His Wimbledon triumph marked both the culmination of a long-held dream and the onset of his athletic peak. In 1954, Seixas added a second major singles crown, seeing off the Australian Rex Hartwig to win the US Championships and setting a tournament record by defeating five seeded opponents, a feat since matched only by Andre Agassi in 1994.
That was one of seven grand slam titles he won that year, including the Australian, French and US doubles as well as the French, Wimbledon and US mixed. Only twice since has a man pulled off Seixas’ treble of titles at the same major, but the highest point of his annus mirabilis was yet to come in Sydney.
Continuing on the circuit long after his contemporaries had retired, Seixas’ final grand slam singles appearances took place in 1969, the second year of the open era when the sport’s four bedrock events allowed professionals to compete with amateurs, before he formally retired in 1970. The following year Seixas served as tournament referee of the US Open and was inducted into the International Tennis Hall of Fame with Althea Gibson.
Seixas, who unlike many top players of his era never turned professional, worked as a stockbroker with Goldman Sachs before starting a career running tennis clubs, first at the the famed Greenbrier Resort in West Virginia (alongside Sam Snead, who marshalled the club’s golf programme) and later at the Hilton hotel in New Orleans.
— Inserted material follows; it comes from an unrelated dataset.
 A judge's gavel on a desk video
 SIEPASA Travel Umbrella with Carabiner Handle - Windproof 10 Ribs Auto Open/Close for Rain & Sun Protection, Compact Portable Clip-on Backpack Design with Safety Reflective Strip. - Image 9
In 1989, he moved to California to set up the tennis programme at the Harbor Point Racquet and Beach Club in Mill Valley, about 15 miles north of San Francisco.
He worked as a tennis instructor and tended bar at the club until his mid-80s and lived there throughout the last decade of his life, when he was nearly blind and forced into a wheelchair by hip and knee injuries, but buoyed by an upbeat spirit that left an indelible impression on his friends and neighbours.
He is survived by Tori, the daughter of his second marriage, to Toinette Alford, which ended in divorce, as did his first.